Read the listing below and copy out every line that holds "colorful".
* * * *
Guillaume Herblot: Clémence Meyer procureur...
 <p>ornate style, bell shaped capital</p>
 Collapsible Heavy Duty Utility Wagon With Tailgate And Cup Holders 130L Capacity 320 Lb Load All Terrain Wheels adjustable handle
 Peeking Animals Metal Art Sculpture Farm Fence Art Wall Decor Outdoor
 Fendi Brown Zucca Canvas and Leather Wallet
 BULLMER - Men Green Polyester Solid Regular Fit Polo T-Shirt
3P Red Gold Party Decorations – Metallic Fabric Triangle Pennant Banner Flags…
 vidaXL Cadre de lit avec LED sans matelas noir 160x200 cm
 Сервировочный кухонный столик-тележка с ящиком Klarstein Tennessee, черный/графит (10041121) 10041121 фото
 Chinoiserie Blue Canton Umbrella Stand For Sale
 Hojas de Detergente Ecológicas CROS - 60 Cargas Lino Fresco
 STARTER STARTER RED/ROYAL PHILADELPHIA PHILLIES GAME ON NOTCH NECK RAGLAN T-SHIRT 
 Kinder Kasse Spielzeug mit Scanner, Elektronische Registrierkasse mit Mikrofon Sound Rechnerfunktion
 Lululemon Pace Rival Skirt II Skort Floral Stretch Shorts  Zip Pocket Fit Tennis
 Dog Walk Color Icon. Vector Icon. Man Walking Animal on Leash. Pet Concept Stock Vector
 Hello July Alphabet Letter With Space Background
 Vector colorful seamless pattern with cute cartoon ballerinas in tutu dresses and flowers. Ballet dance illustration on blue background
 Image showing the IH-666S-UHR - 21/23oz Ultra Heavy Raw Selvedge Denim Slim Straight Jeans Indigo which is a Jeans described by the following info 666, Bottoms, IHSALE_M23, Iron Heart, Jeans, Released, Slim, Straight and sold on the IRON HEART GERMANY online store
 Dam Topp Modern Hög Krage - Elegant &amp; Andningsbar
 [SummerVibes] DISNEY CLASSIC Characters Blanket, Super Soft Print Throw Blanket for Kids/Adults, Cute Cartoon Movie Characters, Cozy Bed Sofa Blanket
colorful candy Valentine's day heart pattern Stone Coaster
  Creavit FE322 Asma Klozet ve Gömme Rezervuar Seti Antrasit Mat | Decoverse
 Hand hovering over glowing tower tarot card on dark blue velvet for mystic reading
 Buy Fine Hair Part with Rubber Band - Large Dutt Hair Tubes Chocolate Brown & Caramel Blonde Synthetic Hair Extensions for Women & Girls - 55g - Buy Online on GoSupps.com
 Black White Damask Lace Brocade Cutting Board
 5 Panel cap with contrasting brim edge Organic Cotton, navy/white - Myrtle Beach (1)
* * * *
** Problem solution **
 Vector colorful seamless pattern with cute cartoon ballerinas in tutu dresses and flowers. Ballet dance illustration on blue background
colorful candy Valentine's day heart pattern Stone Coaster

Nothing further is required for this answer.